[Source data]
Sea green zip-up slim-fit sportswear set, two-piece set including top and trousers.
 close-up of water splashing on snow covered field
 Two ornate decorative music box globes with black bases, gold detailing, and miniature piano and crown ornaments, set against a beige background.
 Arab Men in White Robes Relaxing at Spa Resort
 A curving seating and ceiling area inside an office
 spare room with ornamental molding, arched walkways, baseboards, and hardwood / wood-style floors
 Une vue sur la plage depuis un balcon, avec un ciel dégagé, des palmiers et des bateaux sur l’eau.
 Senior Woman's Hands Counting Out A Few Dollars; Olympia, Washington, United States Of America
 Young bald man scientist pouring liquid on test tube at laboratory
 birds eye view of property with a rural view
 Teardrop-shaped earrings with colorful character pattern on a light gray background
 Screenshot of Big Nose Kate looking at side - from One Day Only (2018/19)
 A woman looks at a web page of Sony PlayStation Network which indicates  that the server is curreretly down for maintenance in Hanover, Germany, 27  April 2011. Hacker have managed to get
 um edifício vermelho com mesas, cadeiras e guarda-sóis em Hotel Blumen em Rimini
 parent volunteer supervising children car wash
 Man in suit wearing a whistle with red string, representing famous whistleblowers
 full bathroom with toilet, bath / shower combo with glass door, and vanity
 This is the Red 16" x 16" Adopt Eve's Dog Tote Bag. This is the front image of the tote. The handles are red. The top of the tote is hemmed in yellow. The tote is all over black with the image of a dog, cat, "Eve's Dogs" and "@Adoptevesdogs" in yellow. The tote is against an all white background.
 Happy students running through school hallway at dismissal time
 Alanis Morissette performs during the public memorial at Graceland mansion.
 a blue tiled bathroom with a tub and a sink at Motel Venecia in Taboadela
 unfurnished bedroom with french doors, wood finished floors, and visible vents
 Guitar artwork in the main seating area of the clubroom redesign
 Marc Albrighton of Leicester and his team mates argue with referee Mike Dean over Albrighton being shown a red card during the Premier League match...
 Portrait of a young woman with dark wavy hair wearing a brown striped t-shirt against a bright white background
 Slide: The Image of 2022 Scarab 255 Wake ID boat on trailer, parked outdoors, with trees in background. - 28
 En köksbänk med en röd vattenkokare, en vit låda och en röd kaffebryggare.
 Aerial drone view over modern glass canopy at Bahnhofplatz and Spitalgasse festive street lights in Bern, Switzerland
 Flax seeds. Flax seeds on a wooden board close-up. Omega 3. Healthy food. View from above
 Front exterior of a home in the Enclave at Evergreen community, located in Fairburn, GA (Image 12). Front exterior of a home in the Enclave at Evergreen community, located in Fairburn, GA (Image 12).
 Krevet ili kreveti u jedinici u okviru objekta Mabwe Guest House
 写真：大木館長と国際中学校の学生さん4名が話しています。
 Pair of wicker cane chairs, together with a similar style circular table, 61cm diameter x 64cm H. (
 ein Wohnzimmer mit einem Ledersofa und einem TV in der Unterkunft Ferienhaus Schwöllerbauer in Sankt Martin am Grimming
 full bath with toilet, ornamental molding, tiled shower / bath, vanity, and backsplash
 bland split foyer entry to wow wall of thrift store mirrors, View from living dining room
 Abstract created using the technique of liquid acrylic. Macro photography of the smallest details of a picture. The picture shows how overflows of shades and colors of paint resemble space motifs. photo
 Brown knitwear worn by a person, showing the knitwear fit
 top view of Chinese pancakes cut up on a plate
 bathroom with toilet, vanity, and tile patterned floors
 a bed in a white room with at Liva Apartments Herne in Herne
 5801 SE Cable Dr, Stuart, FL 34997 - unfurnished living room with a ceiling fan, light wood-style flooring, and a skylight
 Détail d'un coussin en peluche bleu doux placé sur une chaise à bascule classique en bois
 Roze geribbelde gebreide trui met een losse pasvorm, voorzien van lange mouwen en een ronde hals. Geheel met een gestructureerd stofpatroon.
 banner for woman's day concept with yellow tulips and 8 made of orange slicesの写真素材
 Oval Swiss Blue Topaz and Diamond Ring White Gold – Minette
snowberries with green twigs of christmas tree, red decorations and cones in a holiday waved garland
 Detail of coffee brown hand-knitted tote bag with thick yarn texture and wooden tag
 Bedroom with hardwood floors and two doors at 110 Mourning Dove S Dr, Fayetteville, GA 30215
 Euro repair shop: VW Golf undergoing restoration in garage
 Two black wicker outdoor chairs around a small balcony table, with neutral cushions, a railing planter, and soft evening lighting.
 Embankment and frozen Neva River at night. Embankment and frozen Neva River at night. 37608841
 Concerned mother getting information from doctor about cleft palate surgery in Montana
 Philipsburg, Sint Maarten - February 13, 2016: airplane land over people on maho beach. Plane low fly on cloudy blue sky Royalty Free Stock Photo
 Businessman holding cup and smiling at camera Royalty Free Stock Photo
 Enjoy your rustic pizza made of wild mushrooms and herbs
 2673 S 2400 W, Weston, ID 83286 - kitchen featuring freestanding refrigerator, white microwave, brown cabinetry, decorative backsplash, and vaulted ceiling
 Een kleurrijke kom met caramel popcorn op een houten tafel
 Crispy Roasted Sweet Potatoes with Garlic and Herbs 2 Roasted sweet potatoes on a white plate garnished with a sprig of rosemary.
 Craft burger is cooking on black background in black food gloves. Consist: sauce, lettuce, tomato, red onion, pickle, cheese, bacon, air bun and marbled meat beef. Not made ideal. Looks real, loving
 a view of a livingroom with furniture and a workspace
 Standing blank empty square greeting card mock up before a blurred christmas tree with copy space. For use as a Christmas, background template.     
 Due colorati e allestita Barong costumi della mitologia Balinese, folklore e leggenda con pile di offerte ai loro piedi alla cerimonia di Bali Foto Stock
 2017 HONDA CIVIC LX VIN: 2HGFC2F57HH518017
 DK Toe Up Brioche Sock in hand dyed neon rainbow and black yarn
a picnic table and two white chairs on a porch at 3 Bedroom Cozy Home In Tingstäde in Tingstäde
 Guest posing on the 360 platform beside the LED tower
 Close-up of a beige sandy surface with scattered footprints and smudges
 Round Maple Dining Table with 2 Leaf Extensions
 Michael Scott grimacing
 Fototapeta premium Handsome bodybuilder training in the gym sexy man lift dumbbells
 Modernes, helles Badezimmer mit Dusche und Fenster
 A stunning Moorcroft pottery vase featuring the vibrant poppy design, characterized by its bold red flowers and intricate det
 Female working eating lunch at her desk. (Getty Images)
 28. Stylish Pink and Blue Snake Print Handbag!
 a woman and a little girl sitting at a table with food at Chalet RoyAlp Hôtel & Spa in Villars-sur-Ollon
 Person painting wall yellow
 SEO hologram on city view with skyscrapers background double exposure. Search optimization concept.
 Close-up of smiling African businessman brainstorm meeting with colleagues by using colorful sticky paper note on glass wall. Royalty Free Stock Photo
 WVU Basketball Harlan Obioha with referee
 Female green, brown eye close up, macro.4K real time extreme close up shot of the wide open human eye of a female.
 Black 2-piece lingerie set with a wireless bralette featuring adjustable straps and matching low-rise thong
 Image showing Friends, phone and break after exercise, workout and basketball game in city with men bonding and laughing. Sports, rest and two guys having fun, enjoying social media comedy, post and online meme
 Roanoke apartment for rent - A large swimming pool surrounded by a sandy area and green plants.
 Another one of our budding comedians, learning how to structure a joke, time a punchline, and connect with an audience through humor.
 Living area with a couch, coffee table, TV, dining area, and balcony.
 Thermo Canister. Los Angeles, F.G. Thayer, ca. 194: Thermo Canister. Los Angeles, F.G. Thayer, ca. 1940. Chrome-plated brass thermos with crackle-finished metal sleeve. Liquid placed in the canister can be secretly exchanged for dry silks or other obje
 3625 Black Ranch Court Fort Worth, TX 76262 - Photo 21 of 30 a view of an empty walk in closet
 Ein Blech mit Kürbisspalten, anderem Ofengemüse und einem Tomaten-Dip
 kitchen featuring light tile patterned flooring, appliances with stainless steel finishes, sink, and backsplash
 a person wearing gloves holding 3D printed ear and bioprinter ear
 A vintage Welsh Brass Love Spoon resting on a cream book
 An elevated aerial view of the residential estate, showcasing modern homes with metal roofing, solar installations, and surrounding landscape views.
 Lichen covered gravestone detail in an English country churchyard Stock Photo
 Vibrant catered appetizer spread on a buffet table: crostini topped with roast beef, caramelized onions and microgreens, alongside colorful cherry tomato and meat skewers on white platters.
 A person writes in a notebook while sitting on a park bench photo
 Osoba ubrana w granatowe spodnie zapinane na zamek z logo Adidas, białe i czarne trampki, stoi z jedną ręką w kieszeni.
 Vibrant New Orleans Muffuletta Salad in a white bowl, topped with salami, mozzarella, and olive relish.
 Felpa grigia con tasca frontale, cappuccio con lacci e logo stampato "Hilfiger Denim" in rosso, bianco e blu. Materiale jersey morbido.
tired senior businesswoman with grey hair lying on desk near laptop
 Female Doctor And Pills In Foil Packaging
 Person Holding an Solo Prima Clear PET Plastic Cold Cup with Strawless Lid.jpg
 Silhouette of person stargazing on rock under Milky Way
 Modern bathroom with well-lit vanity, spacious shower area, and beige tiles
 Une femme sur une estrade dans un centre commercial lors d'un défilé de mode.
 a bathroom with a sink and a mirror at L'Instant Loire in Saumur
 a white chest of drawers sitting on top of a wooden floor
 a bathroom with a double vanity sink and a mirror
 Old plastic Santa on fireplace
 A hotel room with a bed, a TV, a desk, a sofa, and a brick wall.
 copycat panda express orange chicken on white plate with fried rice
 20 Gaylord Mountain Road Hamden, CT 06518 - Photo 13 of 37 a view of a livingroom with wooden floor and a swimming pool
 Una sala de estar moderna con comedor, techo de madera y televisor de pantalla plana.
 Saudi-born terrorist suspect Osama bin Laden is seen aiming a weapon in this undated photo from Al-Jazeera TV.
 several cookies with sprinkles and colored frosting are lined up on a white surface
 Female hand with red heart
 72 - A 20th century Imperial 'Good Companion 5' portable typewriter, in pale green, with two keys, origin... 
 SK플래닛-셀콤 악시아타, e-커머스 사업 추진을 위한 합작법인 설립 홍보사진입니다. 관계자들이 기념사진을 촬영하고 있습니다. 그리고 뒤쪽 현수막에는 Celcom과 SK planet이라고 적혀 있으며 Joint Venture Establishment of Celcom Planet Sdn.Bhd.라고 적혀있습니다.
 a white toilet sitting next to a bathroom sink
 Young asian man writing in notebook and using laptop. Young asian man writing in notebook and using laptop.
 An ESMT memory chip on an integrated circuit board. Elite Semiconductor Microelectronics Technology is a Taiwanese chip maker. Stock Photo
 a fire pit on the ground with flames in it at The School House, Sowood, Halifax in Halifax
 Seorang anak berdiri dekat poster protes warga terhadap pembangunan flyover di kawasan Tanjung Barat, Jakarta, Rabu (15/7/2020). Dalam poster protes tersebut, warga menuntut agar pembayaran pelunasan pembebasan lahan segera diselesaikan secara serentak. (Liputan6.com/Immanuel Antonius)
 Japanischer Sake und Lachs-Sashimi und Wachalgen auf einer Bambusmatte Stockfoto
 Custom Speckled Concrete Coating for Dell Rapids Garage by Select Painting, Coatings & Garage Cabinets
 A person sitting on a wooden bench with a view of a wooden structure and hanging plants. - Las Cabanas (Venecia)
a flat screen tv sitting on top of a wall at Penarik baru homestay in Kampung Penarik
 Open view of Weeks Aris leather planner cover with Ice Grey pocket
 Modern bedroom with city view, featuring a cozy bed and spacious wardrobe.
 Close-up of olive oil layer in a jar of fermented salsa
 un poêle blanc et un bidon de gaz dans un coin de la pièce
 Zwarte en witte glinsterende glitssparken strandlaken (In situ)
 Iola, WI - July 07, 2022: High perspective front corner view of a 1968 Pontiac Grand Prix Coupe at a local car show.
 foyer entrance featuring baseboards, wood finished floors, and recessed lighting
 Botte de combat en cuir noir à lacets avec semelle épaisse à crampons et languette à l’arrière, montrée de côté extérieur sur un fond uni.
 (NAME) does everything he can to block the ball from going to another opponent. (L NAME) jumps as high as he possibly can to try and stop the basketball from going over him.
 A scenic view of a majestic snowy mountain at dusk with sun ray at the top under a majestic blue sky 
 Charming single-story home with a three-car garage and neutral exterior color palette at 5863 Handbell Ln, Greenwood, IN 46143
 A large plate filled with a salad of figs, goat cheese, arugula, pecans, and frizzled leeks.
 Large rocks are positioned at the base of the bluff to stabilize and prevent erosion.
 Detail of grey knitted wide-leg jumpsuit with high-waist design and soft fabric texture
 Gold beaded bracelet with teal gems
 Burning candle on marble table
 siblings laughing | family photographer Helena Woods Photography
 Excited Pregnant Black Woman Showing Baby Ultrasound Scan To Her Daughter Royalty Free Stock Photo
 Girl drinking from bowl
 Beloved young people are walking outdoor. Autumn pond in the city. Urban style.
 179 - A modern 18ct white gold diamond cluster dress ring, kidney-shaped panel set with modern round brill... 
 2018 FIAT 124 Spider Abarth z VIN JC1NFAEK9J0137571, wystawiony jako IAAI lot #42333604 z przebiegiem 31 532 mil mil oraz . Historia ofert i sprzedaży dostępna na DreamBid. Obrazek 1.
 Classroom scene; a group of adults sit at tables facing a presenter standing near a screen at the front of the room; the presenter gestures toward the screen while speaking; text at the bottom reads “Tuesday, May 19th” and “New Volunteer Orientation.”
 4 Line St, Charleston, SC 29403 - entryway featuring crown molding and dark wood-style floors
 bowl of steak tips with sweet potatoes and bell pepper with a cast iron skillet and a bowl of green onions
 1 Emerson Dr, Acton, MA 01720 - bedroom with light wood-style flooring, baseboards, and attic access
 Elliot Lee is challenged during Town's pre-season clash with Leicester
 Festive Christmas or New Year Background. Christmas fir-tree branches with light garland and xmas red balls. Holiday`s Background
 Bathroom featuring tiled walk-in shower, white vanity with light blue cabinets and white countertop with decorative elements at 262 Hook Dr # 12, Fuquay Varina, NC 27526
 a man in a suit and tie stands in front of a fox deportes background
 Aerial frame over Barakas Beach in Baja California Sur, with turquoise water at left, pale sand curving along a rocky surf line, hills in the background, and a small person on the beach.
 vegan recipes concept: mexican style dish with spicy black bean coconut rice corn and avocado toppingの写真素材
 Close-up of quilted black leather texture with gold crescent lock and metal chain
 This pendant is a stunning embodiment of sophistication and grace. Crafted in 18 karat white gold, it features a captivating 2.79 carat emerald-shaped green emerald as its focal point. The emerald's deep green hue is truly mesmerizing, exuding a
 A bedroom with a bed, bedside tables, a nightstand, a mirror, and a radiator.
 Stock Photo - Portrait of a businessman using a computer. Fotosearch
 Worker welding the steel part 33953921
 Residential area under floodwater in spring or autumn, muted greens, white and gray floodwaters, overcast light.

▶ **Problem requirements**
Work through the records line by line and tally those that include the word "area". Give the number alone.

▶ **Exercise output**
6